Does the first example (temperature converter) work for others? For me (Firefox, macOS), when I change the "Celsius" value, it goes into an endless update loop. Which is not that surprising, given that the graph has cycles. Strangely enough, updating the Fahrenheit value leads to a one-sweep stable update.
d
Curious which value you put in for Celsius that makes it loop? I can try to reproduce it. In any case, propagators only fire when cells have changed- that's what allows networks to reach a stable states despite having loops.
k
@Dennis Hansen Here is what I did: 1. Open https://www.holograph.so/ 2. Replace "100" by "50" in the "Celsius" circle. Here is what happens:
d
hm, shouldn't oscillate like that- might be a firefox thing- haven't tried it on that i'll have to investigate. Thank you!
k
Working for me on Windows Firefox.
k
@Dennis Hansen Something I wonder about: you say "propagators only fire when cells have changed." In the temperature converter, you have division in the cycle, which is inexact unless you use rational numbers (which JS doesn't have).
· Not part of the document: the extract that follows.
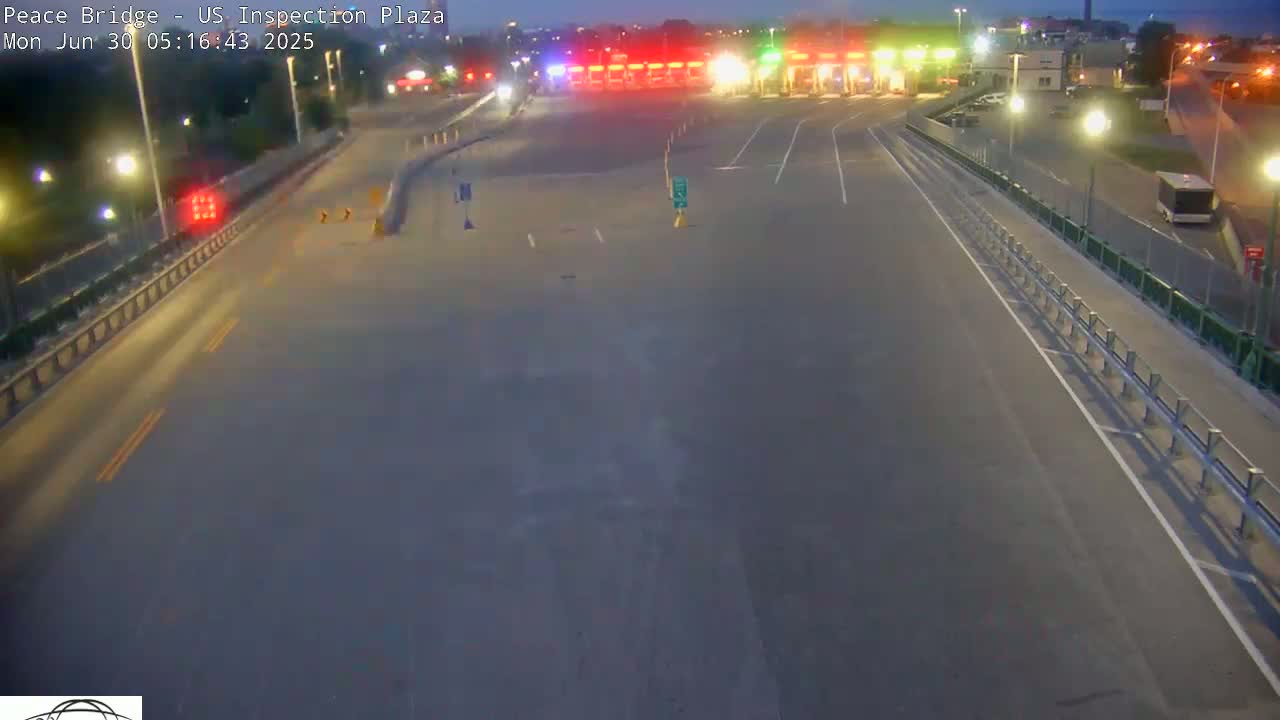 Buffalo, Peace Bridge USA Inspection Plaza & Lane Live Cam - Buffalo, Erie , Buffalo -Niagara Falls, New York, USA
So the cycle could propagate change forever. That's probably not what is happening here, as the oscillating values differ too much to be amplified round-off, but I wonder how you deal with numerical issues in general.
d
Yep good observation @Konrad Hinsen- I haven’t run into major issues with precision so haven’t solved it yet but but as it becomes problematic i suspect I can utilize fractions-based data structures or employ heuristics to stop oscillations as needed. Not too sure yet.